Coverage That Otherwise Does Not Exist Cannot Be Created Through Waiver or Estoppel if the Insurer Does Not Issue a Reservation of Rights to its Insured

Jun 05 2012

In Maxwell, the Wisconsin Supreme Court held that waiver or estoppel cannot be used to defeat a coverage clause (as opposed to a forfeiture clause) when the insurer fails to issue a reservation of rights. First, the court observed that, since 1896, Wisconsin has recognized the "general rule . . . that the doctrine of waiver or estoppel based on conduct or action of the insurer or its agent is not applicable to matters of coverage as distinguished from grounds for forfeiture." Maxwell, ¶ 29 (quoting Shannon v. Shannon, 150 Wis. 2d 434, 450-51 (1989) and citing McCoy v. Nw. Mut. Relief Ass'n, 92 Wis. 577, 66 N.W. 697 (1896)). The court, therefore, concluded that the distinction between a forfeiture clause and a coverage clause is crucial: While "providing and assuming full control of a defense may be grounds for establishing waiver or estoppel of a forfeiture clause when the insurer fails to issue a reservation of rights," id., ¶ 41, "providing a defense does not give rise to estoppel or waiver of a coverage clause," id., ¶ 40 (emphasis in original). The court reasoned that, though an insured is entitled to coverage it has paid for so long that it does not forfeit coverage by violating a provision of the policy, a court should not re-write the policy "to bind the insurer to a risk it did not contemplate and for which it has not been paid." Id., ¶ 34.

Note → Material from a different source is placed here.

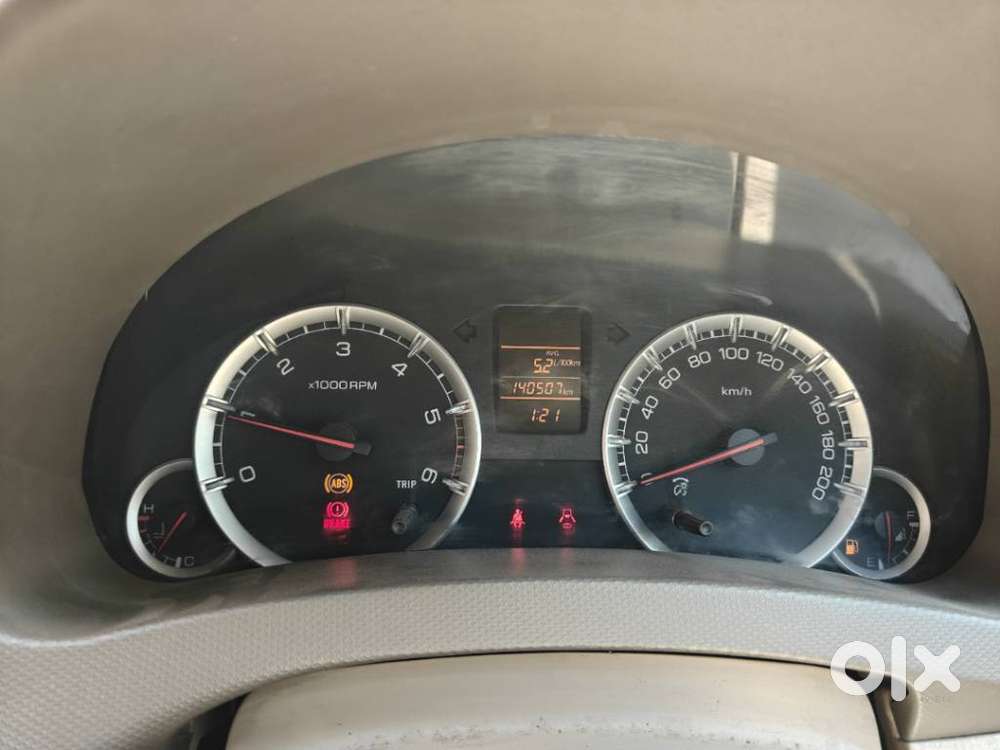 Maruti Suzuki Ertiga 2012-2015 Vdi, 2012, Diesel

Second, the court distinguished between estoppel and a court-imposed obligation to defend and/or indemnify as a result of a breach of the duty to defend or as a result of bad faith. The court acknowledged that in cases of such breach or in cases of insurer bad faith, courts sometimes characterize the resulting damages awards as the insurer being "estopped" from denying coverage; however, that characterization is a misnomer. Instead, the damage awards are "the measure of damages actually caused by the insurer's breach of the contractual duty to defend" or caused by the insurer's tortious conduct, "not an estoppel based on some otherwise inequitable conduct in the eyes of the insured." Id., ¶ 55.

Despite its holding that coverage cannot be created through waiver or estoppel where an insurer fails to issue a reservation of rights (and a forfeiture clause is not at issue), the court indicated that insurers should continue to "communicate forthrightly with their insureds – especially when insurers dispute coverage." Id., ¶ 61.